Ingredients Nutrition


  1. Devein and shell the shrimps. (If you have time, save the shells and heads and make a fish stock later, to freeze).
  2. Peel and finely chop the onion. Clean and slice the mushrooms.
  3. Use half the butter, heat in a roomy pot or skillet, and fry the onion until softened.
  4. Add rest of butter, and add the mushrooms. Stir over fairly high heat until cooked.
  5. Pull off heat, lift out the onion-mushroom mixture with a slotted spoon, and put in a bowl.
  6. There should be liquid and butter left in the pot/skillet, otherwise add more butter. Heat again and fry the shrimps until they barely start colouring -- 30 seconds. They will not be done yet.
  7. Transfer the prawns to the bowl with the onion-mushroom mixture.
  8. Add the brandy to the same pot, and stir over high heat until the brandy has almost evaporated, then add the chutney: don't let the chutney burn!
  9. Turn heat down, add cream, simmer, and scrape pot to gather up all the brown bits from the bottom.
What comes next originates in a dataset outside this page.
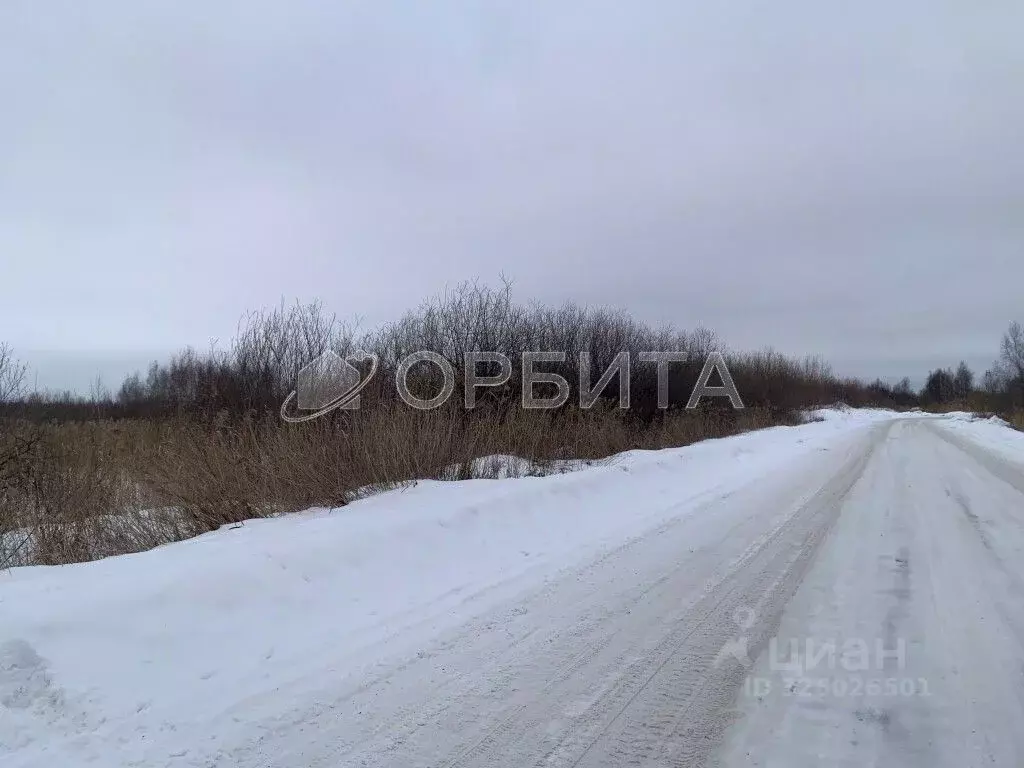 Участок в Тюменская область, Тюмень  (10.0 сот.) - Фото 2
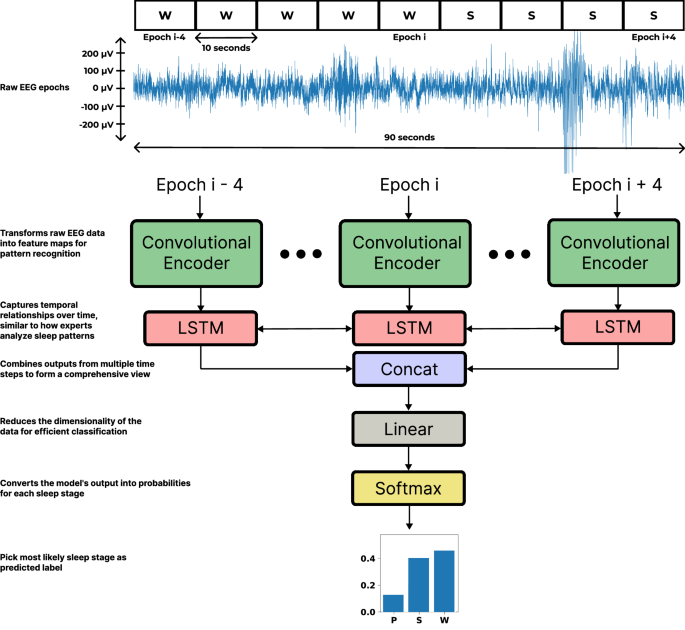 Automated Sleep Staging in Rats Using Deep Learning and Single-Channel EEG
Stir to prevent sticking or burning, and let mixture simmer until it thickens somewhat.
  10. Add the onion-mushrooms-shrimps to the cream sauce and let simmer very lightly for 2 minutes, until shrimps turn pink and curl: do not overcook!
  11. Season with either cayenne pepper or Tabasco, or a hot pepper preparation you like: just spike it, do not spoil the creamy mixture with too much heat.
  12. Add salt and pepper to taste.
  13. Serve in heated plates with a small helping of rice each. (Rice pressed into small molds and turned out look very nice). Garnish, if you like, either with young arugula (rocket leaves) or shredded lettuce or a few fennel leaves.